A good woman might be married to a man who is lazy or just does not make much money. Yet because she is a wise shopper and does not waste her time or their money foolishly by eating out or indulging in expensive entertainment, and because she is a keeper at home, she makes his “little money” go a long way. As a result, he appears wiser and wealthier than he really is and is looked upon with honor because of it.

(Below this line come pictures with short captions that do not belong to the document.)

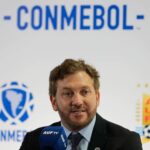 El presidente de la Conmebol defiende a los arbitrajes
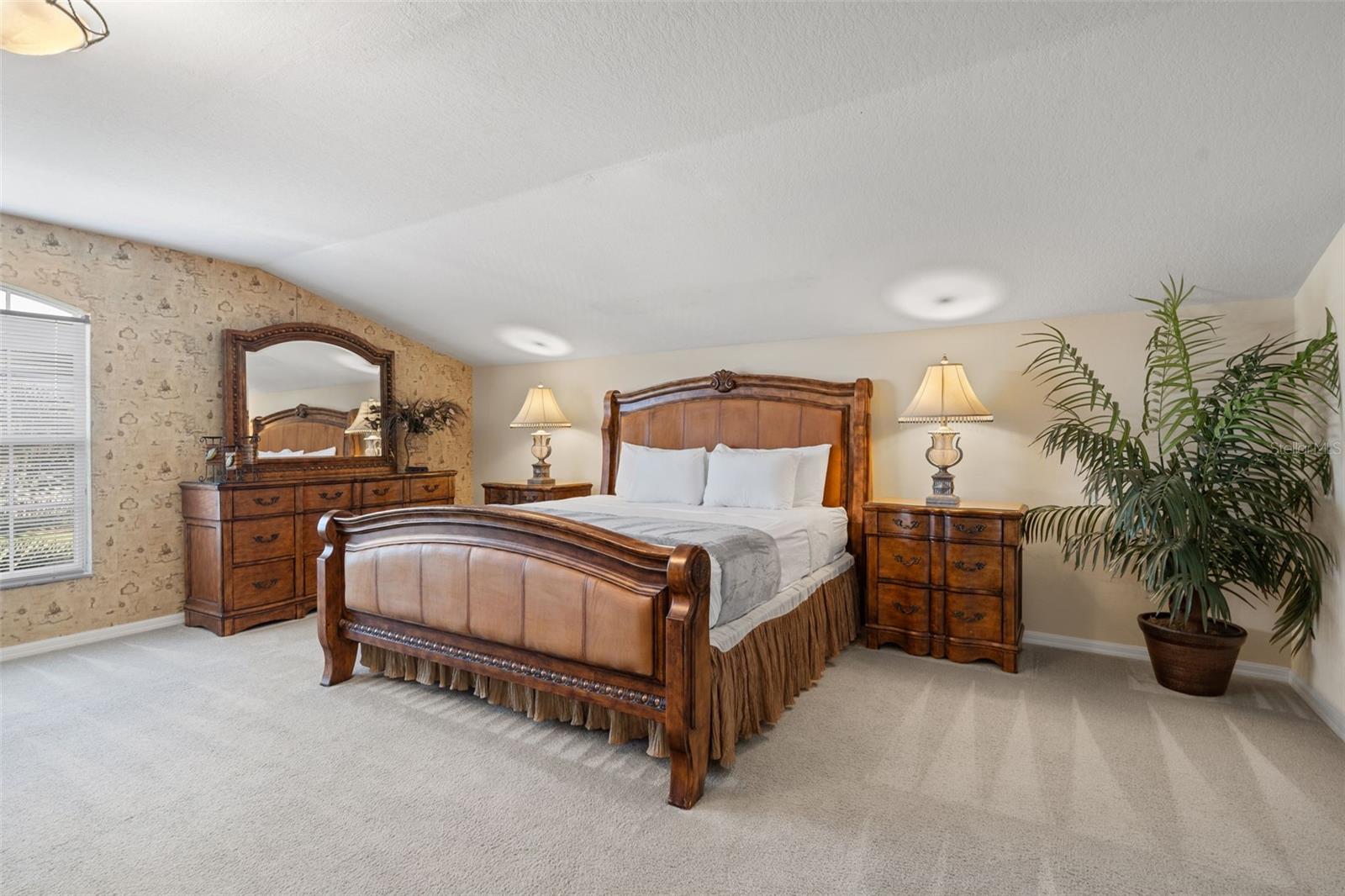 Image 21 of 50 For 7939 Sea Pearl Circle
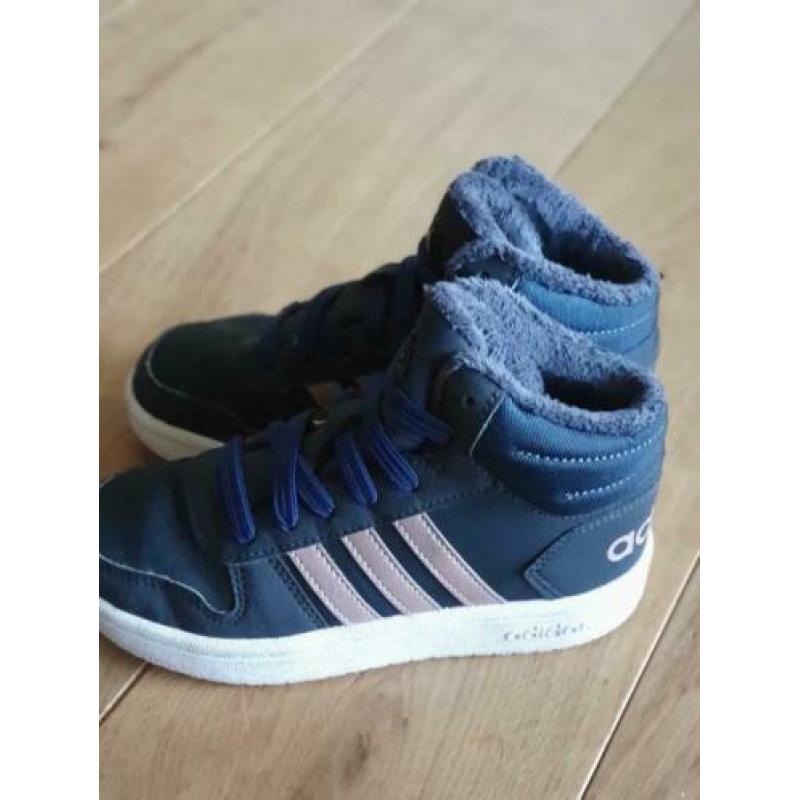 Adidas keurige halfhoge sneakers maat 30 stiek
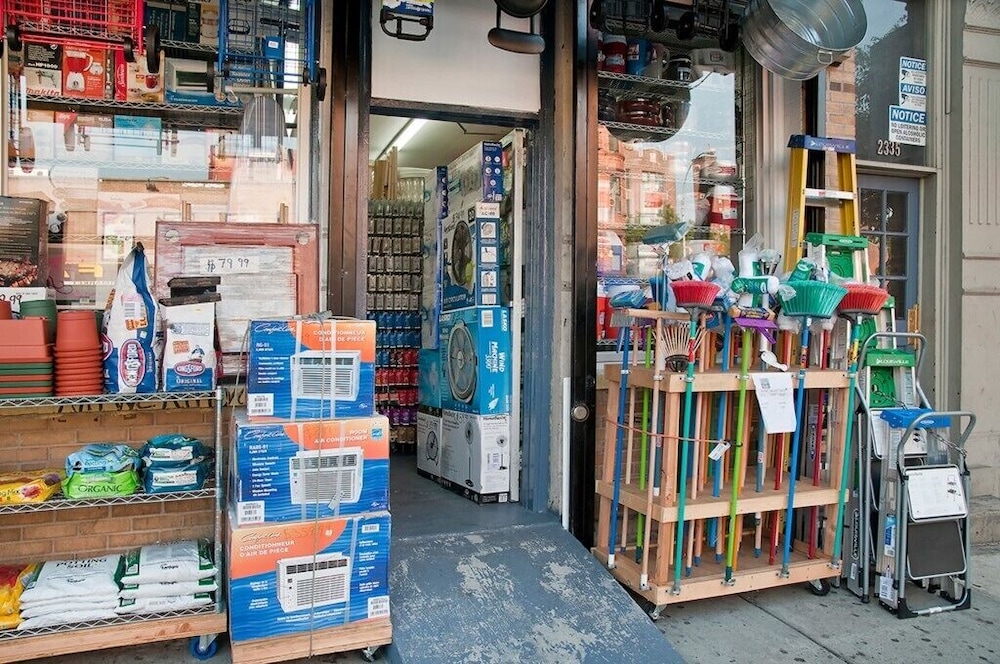 Upscale Newly Renovated 2 BR on Midtown East New York - photo 24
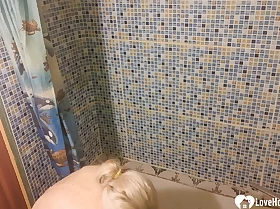 Couple has a sexy session about the shower.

Note that Debi doesn’t suggest that a woman whose husband is lazy or has a poorly paying job should get a job of her own. Debi has previously made it clear that she is against women, or at least mothers, working outside of the home. But note, too, the reason Debi says a woman should so carefully stretch her husband’s money—so that he appears wiser and wealthier than he really is. He. Basically, Debi is saying that a woman with a layabout husband or a husband who doesn’t make much money should cover for her husband, so that nobody knows.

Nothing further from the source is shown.